Assignment
From the line containing "Franklin Tall Boot" to the last line of the listing, both included, copy every line exactly and drop the pictures.

Recorded information
········

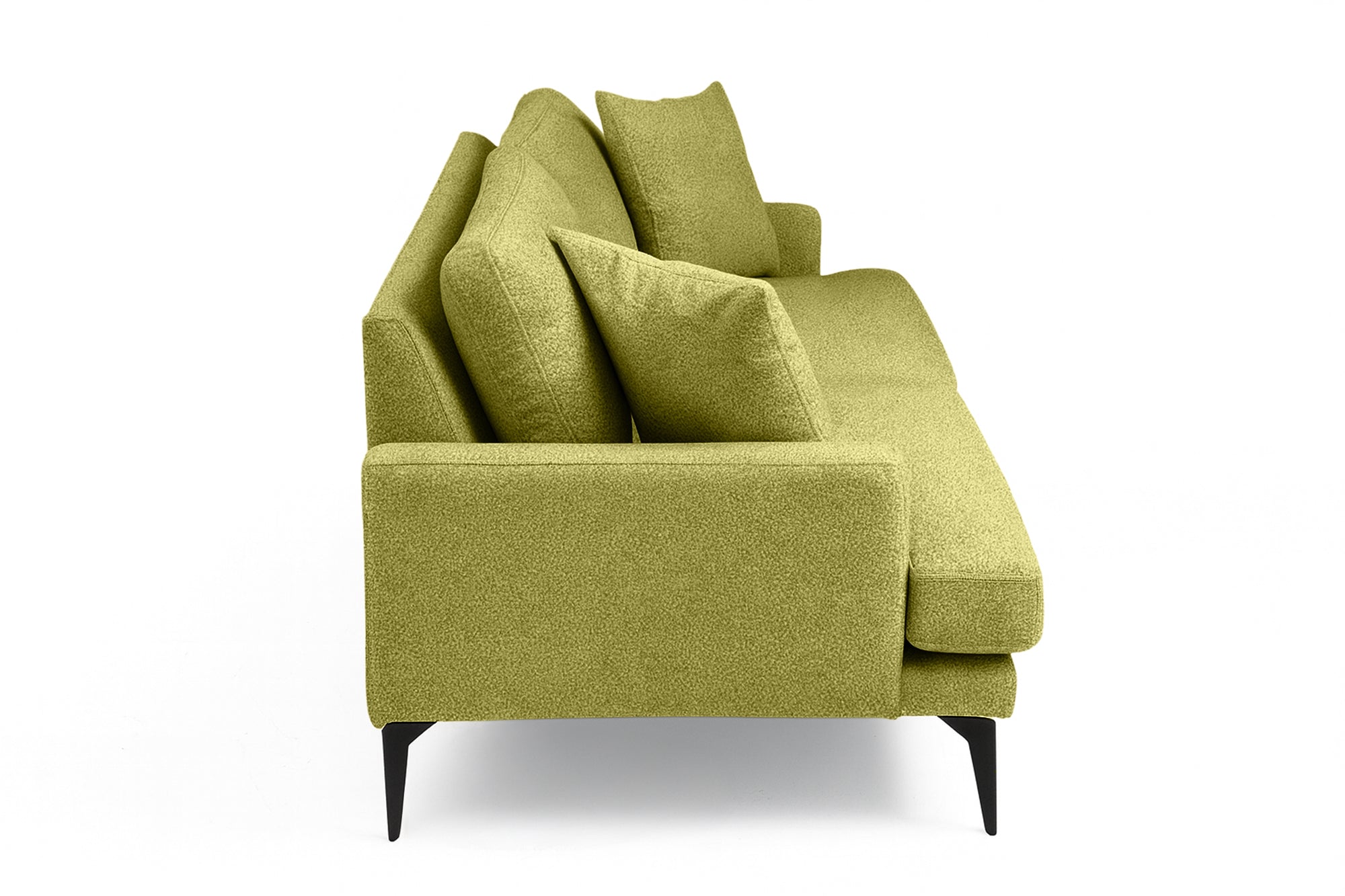 Fotoliu AZURRO, 80x90x85 cm- Prestigehome.ro - Fotoliu- Prestige - #Color_Verde-Olive-Mystery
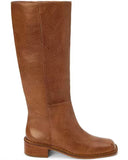 Franklin Tall Boot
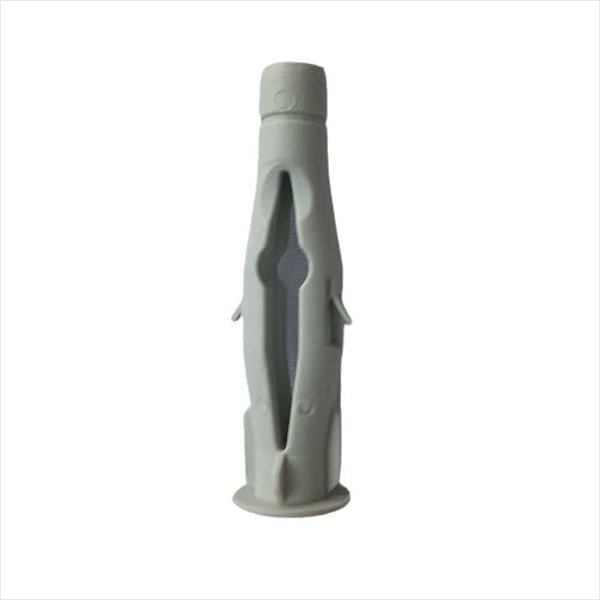 Luva 10x60 Para Secadora de Roupas Svp10 Svp11 Electrolux Original A08370701 GYJ46828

········

Exercise solution
 Franklin Tall Boot
 Luva 10x60 Para Secadora de Roupas Svp10 Svp11 Electrolux Original A08370701 GYJ46828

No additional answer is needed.